* What to produce *
Take every line from the entries below that includes the word "Dress" and copy it.

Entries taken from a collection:
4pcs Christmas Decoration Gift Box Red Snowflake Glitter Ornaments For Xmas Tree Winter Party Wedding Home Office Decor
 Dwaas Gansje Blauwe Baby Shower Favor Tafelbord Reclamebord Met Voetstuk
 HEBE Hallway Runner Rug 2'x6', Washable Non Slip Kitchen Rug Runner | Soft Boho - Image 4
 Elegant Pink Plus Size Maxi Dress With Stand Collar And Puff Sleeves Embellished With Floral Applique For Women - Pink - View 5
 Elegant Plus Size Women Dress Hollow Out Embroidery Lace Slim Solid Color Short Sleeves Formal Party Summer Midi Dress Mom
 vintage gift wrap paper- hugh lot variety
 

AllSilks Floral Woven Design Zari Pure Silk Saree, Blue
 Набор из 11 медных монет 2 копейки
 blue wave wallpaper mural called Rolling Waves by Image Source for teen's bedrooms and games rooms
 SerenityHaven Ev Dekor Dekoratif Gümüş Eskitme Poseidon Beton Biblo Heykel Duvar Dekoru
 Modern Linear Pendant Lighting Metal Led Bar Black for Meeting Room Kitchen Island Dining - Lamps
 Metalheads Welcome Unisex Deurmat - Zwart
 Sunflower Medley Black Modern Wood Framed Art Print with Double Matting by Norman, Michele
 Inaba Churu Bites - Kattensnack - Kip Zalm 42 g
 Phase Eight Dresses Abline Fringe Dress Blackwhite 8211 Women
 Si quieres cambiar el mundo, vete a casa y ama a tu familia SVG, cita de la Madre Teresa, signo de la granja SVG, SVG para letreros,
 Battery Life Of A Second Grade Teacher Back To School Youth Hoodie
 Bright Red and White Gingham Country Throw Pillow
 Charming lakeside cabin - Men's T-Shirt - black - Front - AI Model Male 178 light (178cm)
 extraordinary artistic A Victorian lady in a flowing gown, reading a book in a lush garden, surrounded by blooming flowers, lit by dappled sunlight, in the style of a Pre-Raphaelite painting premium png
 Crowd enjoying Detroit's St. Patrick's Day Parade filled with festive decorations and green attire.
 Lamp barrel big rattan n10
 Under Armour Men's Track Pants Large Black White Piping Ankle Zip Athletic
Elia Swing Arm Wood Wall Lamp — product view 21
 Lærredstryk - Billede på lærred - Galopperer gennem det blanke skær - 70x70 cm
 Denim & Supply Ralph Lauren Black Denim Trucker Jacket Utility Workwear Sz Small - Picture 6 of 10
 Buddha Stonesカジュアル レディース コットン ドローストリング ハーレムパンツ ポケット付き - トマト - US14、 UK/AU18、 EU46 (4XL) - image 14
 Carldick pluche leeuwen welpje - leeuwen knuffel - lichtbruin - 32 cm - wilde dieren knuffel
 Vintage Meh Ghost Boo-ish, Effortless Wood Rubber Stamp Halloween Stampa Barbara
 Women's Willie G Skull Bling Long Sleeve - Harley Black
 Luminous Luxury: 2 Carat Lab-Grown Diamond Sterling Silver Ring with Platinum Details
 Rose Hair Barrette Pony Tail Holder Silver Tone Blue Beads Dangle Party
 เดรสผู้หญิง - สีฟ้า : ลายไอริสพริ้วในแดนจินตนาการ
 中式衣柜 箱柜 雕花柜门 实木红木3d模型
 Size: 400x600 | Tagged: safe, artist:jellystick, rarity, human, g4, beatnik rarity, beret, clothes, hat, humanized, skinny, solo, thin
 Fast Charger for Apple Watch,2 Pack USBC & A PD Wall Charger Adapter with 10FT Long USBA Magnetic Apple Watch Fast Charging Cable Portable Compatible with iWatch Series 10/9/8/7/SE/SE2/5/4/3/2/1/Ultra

* Exercise result *
 Elegant Pink Plus Size Maxi Dress With Stand Collar And Puff Sleeves Embellished With Floral Applique For Women - Pink - View 5
 Elegant Plus Size Women Dress Hollow Out Embroidery Lace Slim Solid Color Short Sleeves Formal Party Summer Midi Dress Mom
 Phase Eight Dresses Abline Fringe Dress Blackwhite 8211 Women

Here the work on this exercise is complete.